I’ve heard it said that no one understands the sacrifices of the military lifestyle more intimately than the children of a soldier. I tend to agree.
I’ve had the privilege of getting to know the four daughters of Staff Sgt. Nick Lanier and his wife, Catherine, since coming to Fort Stewart, and these girls are very familiar with all of the ups and downs.
“It has its good and its bad,” said Hannah, 12, the oldest of the four.
Nick joined the Army when she was 16 months old.
Hannah has a take-charge personality and a generous heart. She and her sisters agree on the hardest part of being the child of a soldier: “Definitely having him go away.”
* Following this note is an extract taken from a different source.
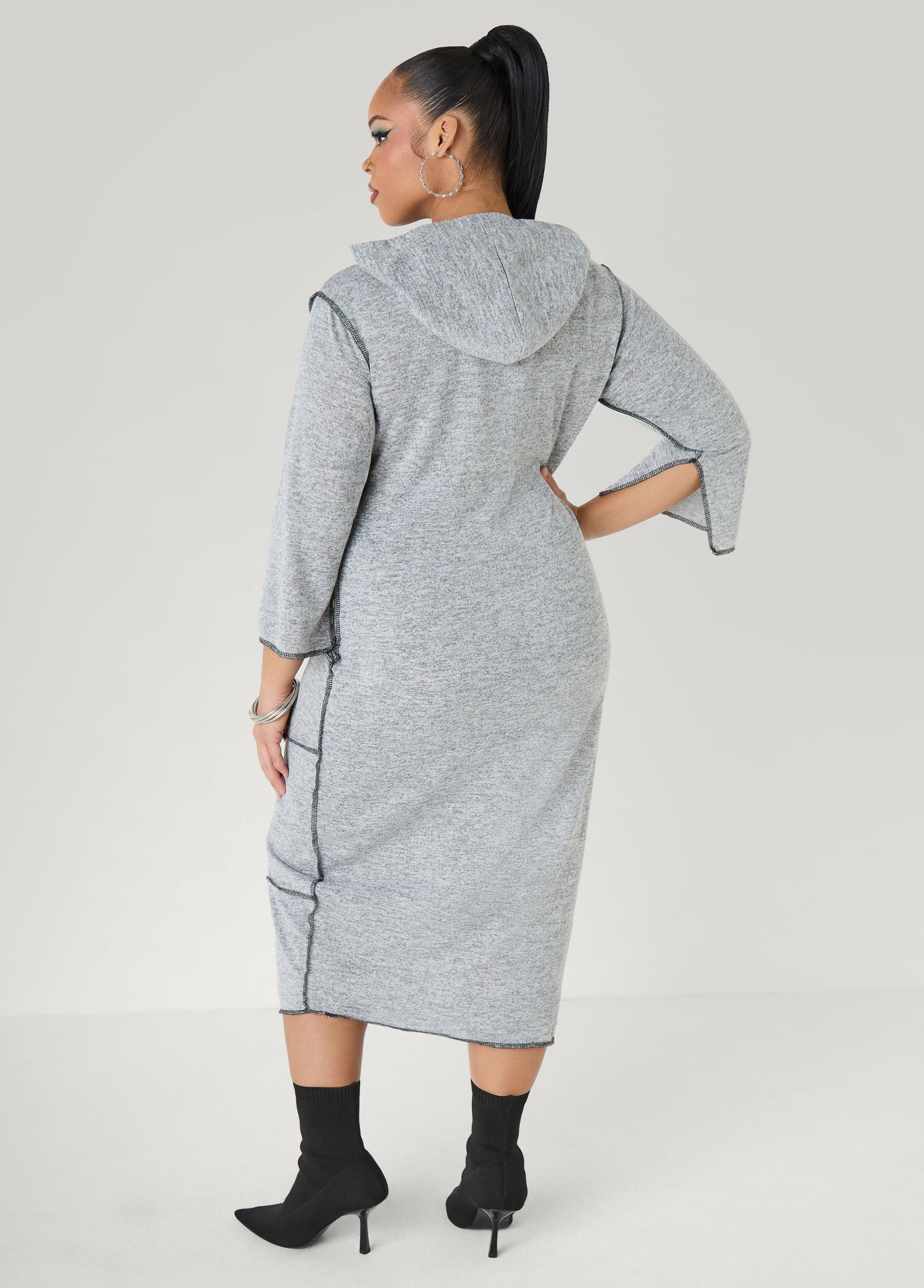 Seam Detailed Hooded Midaxi Dress Product Image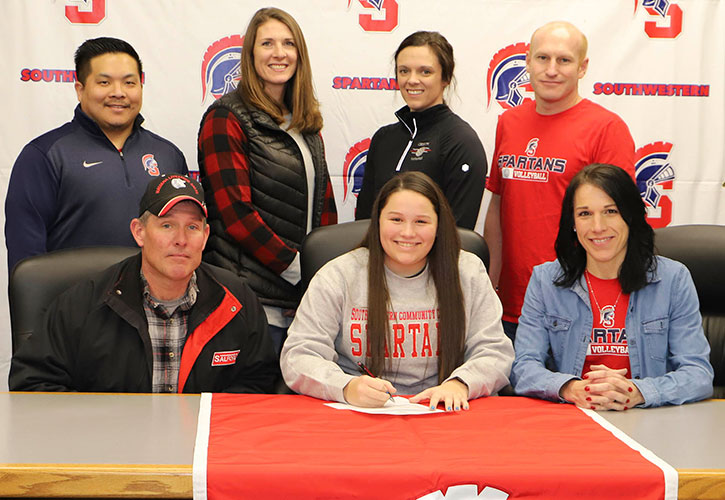 In Photo (L to R): Sitting –TJ Ross, Breanna’s father; Breanna Ross, and Julie Schultz, Breanna’s mother. Standing – Casey Quiggle, Southwestern head volleyball coach; Naomi Sharp, Creston High School volleyball coach; Mallory Peterson, Creston High School volleyball coach; and Matt Schultz, Breanna’s stepfather.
The girls have their own ways of coping with deployments and other separations.
“I like to write my feelings down in my journal,” Hannah said.
Sophia, 10, is the next oldest. She said her friends help her through deployments.
Sophia’s dry wit and sarcasm were inherited from her father, despite their time apart. She boldly announced her feelings toward having a parent in the military.
“I don’t like it,” she said.
She couldn’t think of good part.
Her younger sister, who seems to have an endless supply of energy and optimism, says there is a bright side.
“I think it’s cool that we get to move to a bunch of different places,” Juliette, 8.
Her way of dealing with deployment was refreshing: “Praying to God and, like, asking him to keep us safe and stuff.”
Of course, like the other girls, Juliette misses her dad when he’s away. All of the girls agreed that it was the everyday things that they miss.
“I just miss helping him cook dinner,” Juliette said. “I like helping him with that.”
Hannah and Sophia said they mostly miss being able to talk with him whenever they want.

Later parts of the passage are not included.